It has even rented two flats to help to house new arrivals.
‘This is not something we particularly wished to do, but we expect to have to continue to provide this sort of support for our junior staff for so long as the current demand for modest rental flats remains at an elevated level,’ Mr Mason said.
‘I am sure some will say that we should react by recruiting fewer people from the UK and rely more on local residents. We are very positive about recruiting locally and always try to do so, but the reality is that the skills we require are in short supply within the Bailiwick and we cannot afford to pay the salaries it would take to recruit enough staff solely from within the Bailiwick.’
The commission’s response to losing staff was to give a ‘reasonable’ pay rise to all officers for the first time in eight years, and Mr Mason said he expected the commission would have to continue to raise salaries in line with inflation, given the island’s buoyant job market.
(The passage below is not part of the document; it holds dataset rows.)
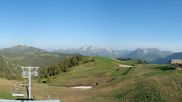 Archived webcam image showing Chaux Ronde Top Station on 28 May 2026 at 08:39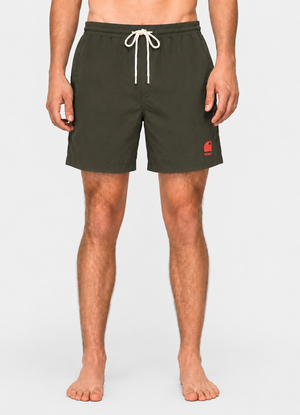 Boardshort surf homme HONO kaki en matière recyclée porté avec logo brodé corail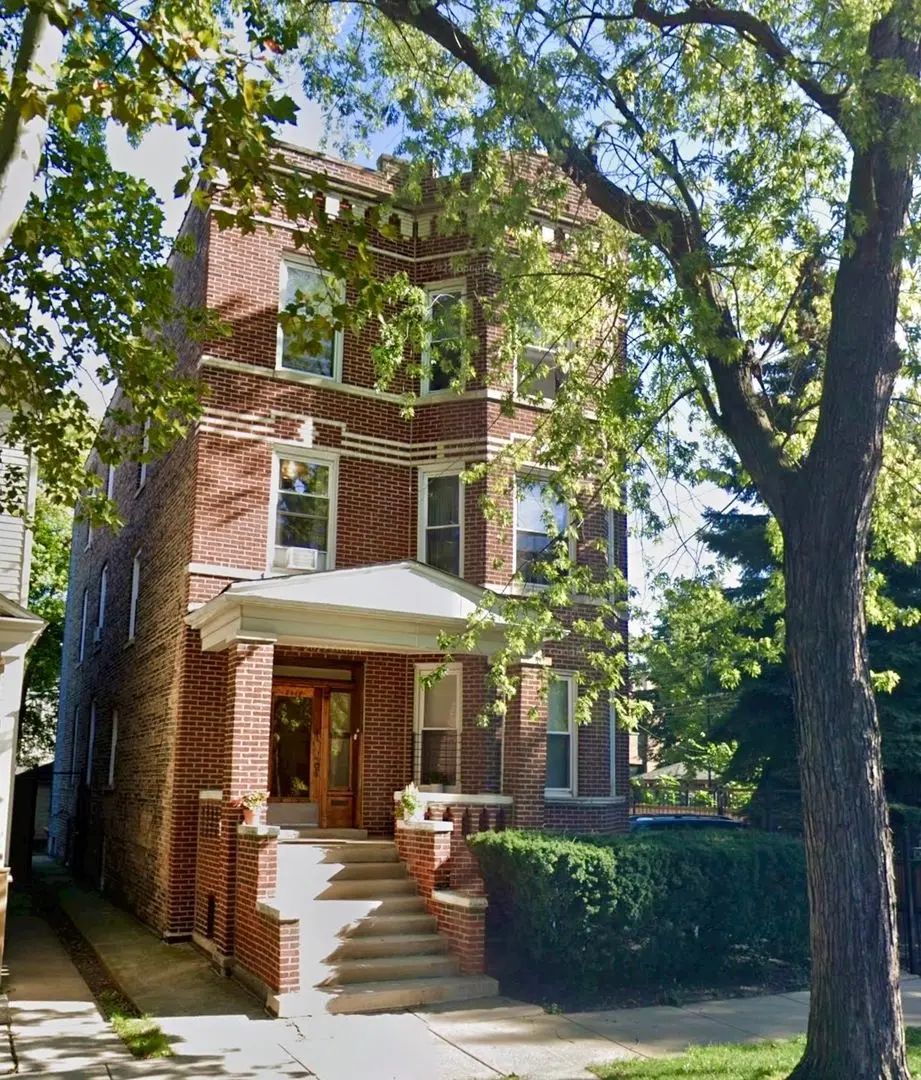 3416 W Schubert Avenue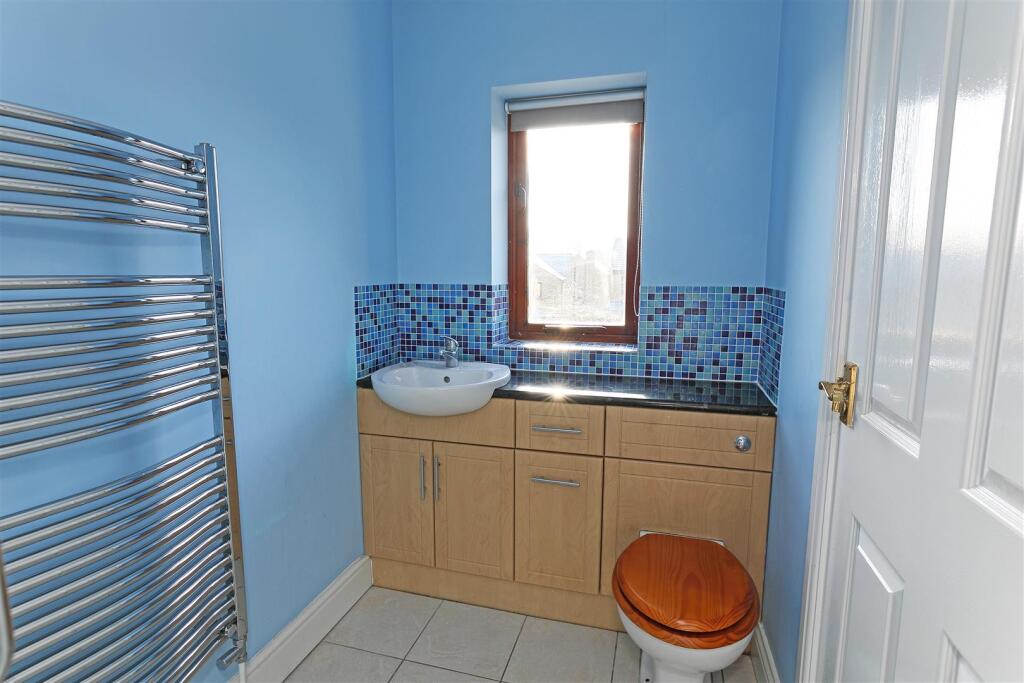 Additional image 14 of Tall Trees, 117, Scholes Lane Scholes, Cleckheaton, BD19 6LY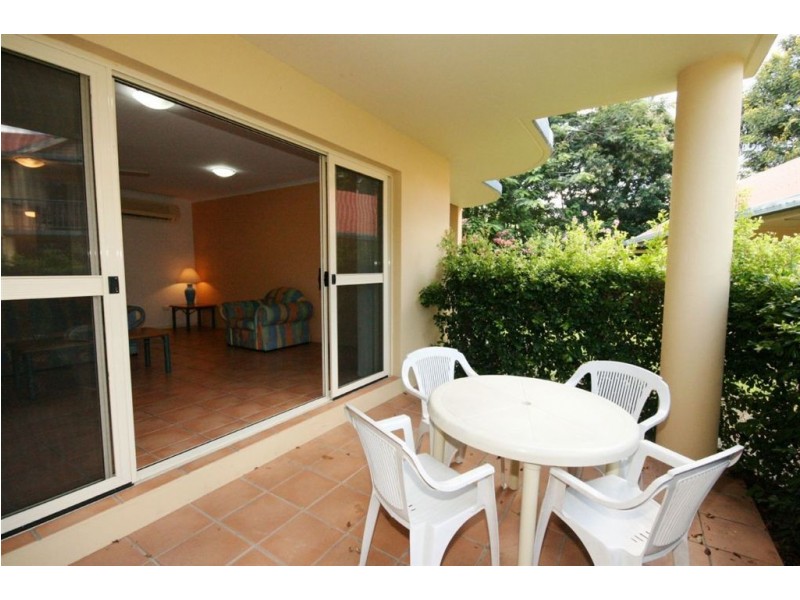 17/24 Beach Road, Cannonvale QLD 4802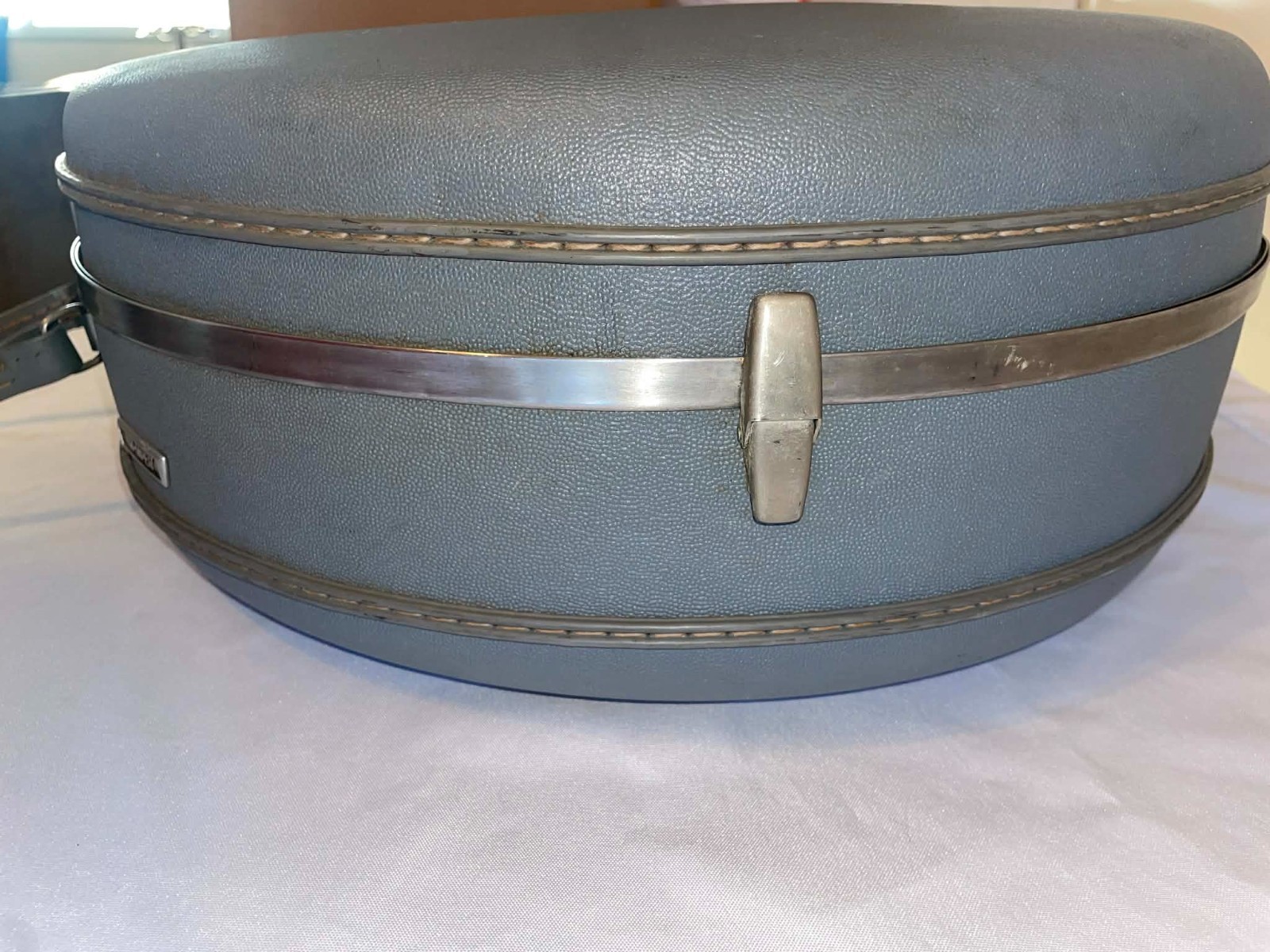 VINTAGE AMERICAN TOURISTER TIARA BLUE-GRAY ROUND HAT HARD CASE SUITCASE LUGGAGE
A staff survey also highlighted a couple of areas where terms and conditions are ‘perhaps tougher than industry norms’. The commission is considering is response to this feedback, ‘recognising the high toll that losing good staff too quickly has on organisational effectiveness and efficiency’.
The commission employs 121 staff, 118 on permanent contracts and three on a fixed-term basis. At the end of 2021 it had eight full-time equivalent vacancies.
It spent £7.6m. on salaries last year – slightly less than in 2020 – and total staff costs were just less than £10m.